Problem description
Please report each line of the data below that contains "White".

Exercise input
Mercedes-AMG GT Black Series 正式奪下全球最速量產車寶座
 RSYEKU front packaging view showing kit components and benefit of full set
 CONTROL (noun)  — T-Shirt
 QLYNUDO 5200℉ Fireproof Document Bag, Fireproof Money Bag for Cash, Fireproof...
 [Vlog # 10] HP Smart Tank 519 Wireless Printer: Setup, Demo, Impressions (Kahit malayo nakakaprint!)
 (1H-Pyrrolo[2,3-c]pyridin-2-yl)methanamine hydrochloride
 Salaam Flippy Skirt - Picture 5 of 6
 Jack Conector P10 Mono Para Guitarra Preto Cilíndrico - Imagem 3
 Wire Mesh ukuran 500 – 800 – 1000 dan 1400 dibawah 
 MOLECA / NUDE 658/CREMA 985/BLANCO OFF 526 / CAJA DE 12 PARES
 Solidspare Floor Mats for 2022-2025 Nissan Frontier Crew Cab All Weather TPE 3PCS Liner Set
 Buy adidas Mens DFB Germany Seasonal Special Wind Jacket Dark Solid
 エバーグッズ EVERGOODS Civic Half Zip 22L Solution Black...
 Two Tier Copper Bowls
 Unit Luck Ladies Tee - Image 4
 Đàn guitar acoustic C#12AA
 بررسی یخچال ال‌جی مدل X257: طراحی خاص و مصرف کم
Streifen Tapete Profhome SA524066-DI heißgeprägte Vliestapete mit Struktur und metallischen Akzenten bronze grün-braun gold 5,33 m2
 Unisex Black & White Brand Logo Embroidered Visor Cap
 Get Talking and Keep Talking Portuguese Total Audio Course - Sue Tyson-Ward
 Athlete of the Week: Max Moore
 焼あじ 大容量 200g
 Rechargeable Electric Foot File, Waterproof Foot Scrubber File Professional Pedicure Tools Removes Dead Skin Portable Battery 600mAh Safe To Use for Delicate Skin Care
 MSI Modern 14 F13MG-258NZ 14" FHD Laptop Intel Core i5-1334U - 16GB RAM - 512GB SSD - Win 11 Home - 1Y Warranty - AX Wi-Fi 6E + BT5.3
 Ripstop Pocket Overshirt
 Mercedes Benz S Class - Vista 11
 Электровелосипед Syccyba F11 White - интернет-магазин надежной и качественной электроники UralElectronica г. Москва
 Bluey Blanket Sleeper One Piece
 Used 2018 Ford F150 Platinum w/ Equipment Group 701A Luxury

Response box
 Unisex Black & White Brand Logo Embroidered Visor Cap
 Электровелосипед Syccyba F11 White - интернет-магазин надежной и качественной электроники UralElectronica г. Москва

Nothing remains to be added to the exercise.